When I left for Morocco, I did so following in the footsteps of that same man, my grandfather, a man who had served in World War II in Casablanca, and I took really seriously that I was living out this legacy of someone I so deeply admired. By the time my service had ended, I felt like I had placed him on a pedestal. I wasn’t following in my grandfather’s footsteps anymore; I was following in the footsteps of an ideal I’d fabricated – a person who had never really existed. There were times in my service where I felt like I had failed my grandfather, days when I didn’t feel like I was able to live up to the man I believed he was, but when the end of my service rolled around, and I looked back on it and gave it some thought, I finally realized that there was more to the man than the ideal I’d made him into. I wrote at the time,
In hindsight, he would probably be eager to hear my stories about Morocco, would probably listen intently with an occasional nervous laugh, and he would be deeply, deeply embarrassed to know how much I admired him and how much I wanted to follow in his footsteps. And he would be proud. No matter what. Because that’s what grandfathers do, and he was especially good at that.

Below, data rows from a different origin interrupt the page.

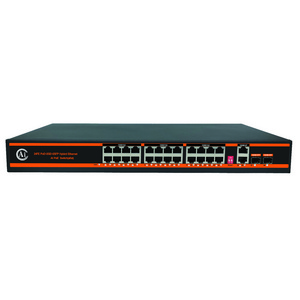 OEM ODM AI Smart PoE Switch 4 8 16 24 Ports 10/100M & Gigabit Ethernet Unmanaged Switch for CCTV Outdoor Camera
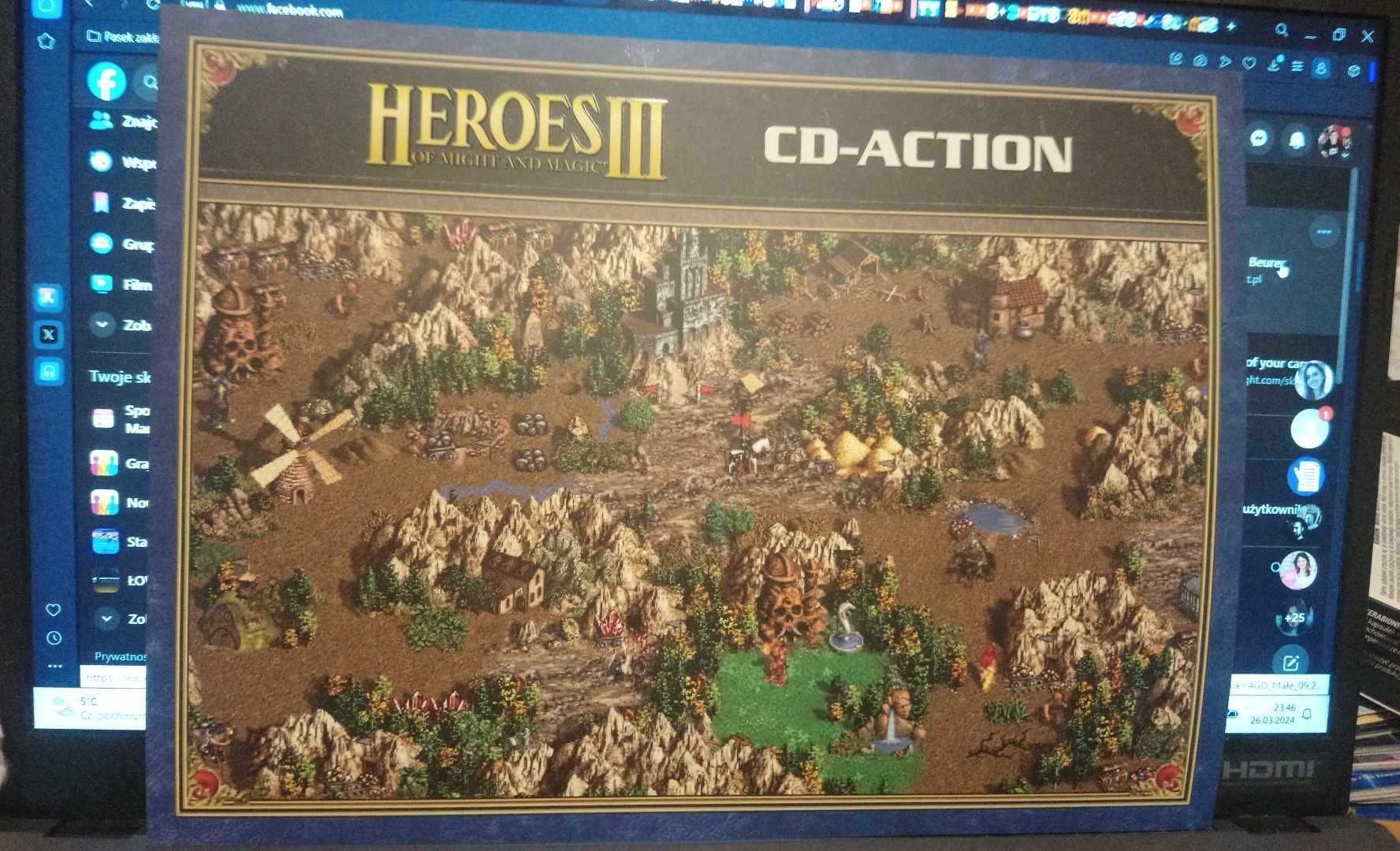 Plansza Heroes of Might & Magic III dodatek CD Action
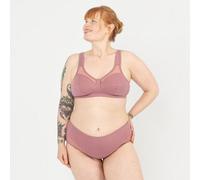 erlich textil Maria Slip aus Bio-Baumwolle, made in Europe MAUVE 36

By the time you’re old enough to be able to dissect and analyze your world in any meaningful or mature manner, your grandparents have already lived to be at least sixty-five, probably older. That means that you’ve known them for only a fraction of their life. To us, they become “Grandmother and Pop,” or whatever other epithets we have for them. Those titles are so momentous and so limiting to who they are in reality. I remember thinking when I hit my 19th month in Morocco, the same amount of time that my grandfather had lived there, that 19 months is a really long time. In that short span of time, I was sure he had seen and done so much, just as I had, but by the time I heard his stories about the place, they were short, five-minute stories.

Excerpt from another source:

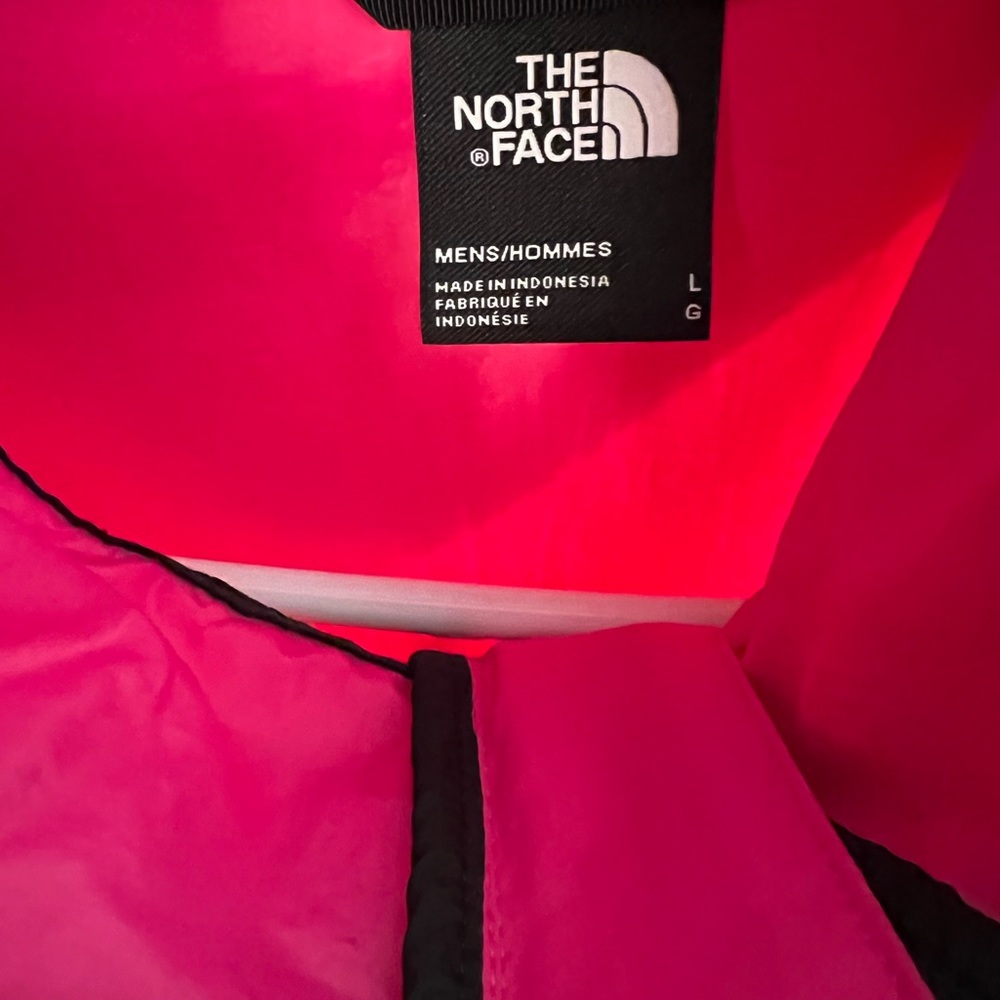 North face pink wind breaker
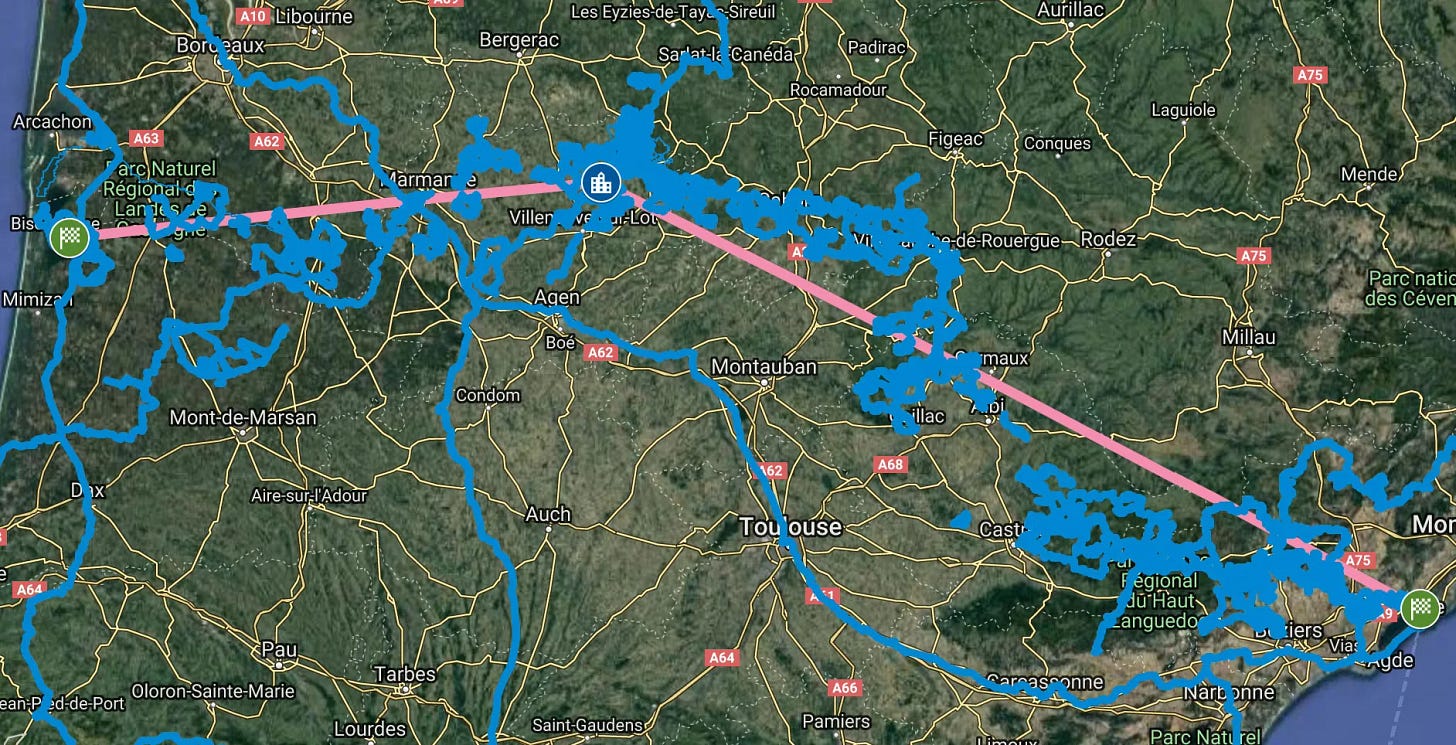Le réseau sous Google Map Le réseau sous Google Map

One of the things our parents and grandparents and ancestors pass on to us are just that – short five-minute stories. Little quips about their life, about some of their most monumental or perhaps even their silliest moments. And yet, embedded in those five-minute stories are months and months of other stories or of every day mindless banter. Of struggles and laughter and tears. And those come out of just the stories we know. There’s a thousand others kept from us, locked away forever, perhaps.

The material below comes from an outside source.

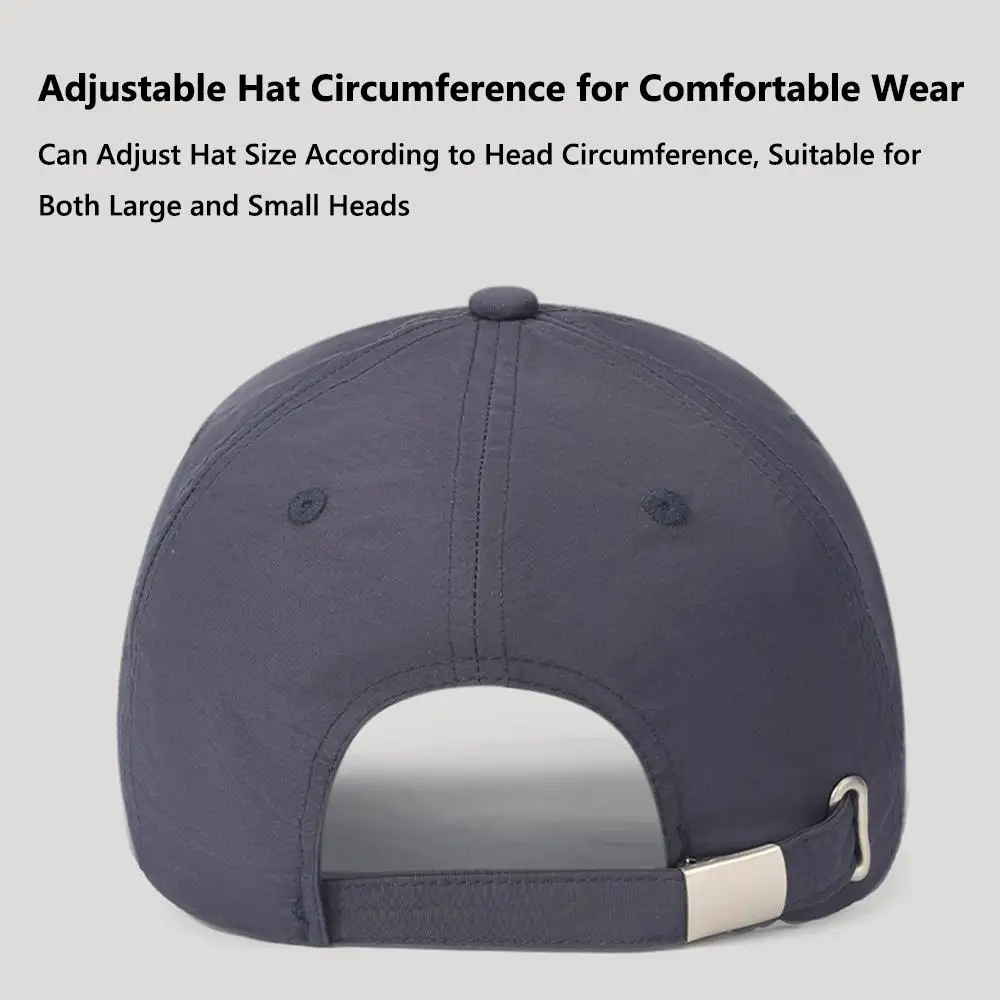 Cómoda gorra de béisbol impermeable de secado rápido para hombre, ala curvada, protección solar, gorra Snapback, gorra de pesca de Golf ajustable para hombre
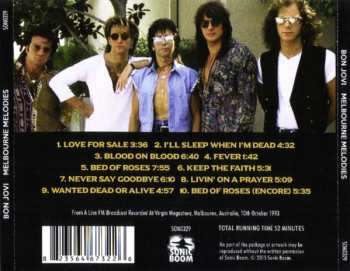 CD Bon Jovi: Melbourne Melodies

I guess I’m coming to a place where I feel it’s extremely important, even crucial, to unlock those stories when and if we’re given the chance. Hearing the story about my grandfather’s struggle with mental illness didn’t make me ashamed of him. It made him more real to me. It made me like him more. It made me be able to identify with him, because he was no longer perfect the way I’d kept him in my head. That’s forgiveness to me – learning to see another person and all their faults not as faults of their character but as complex struggles that are bigger than them, bigger than us all. And then finding empathy in that struggle.
Mom closed her story by telling me that she went to visit my grandfather in the mental institution, and one of the first things he said to her was, “You can go back to college and tell your friends your daddy is a crazy fool.” Tearing up, she gave the biggest smile she could and responded, “I’ll tell them I’m proud of my Daddy.”
You can only find that kind of love when you’re willing to look beyond the epithets and labels and five-minute stories and let people be the complex, struggling human beings that they are.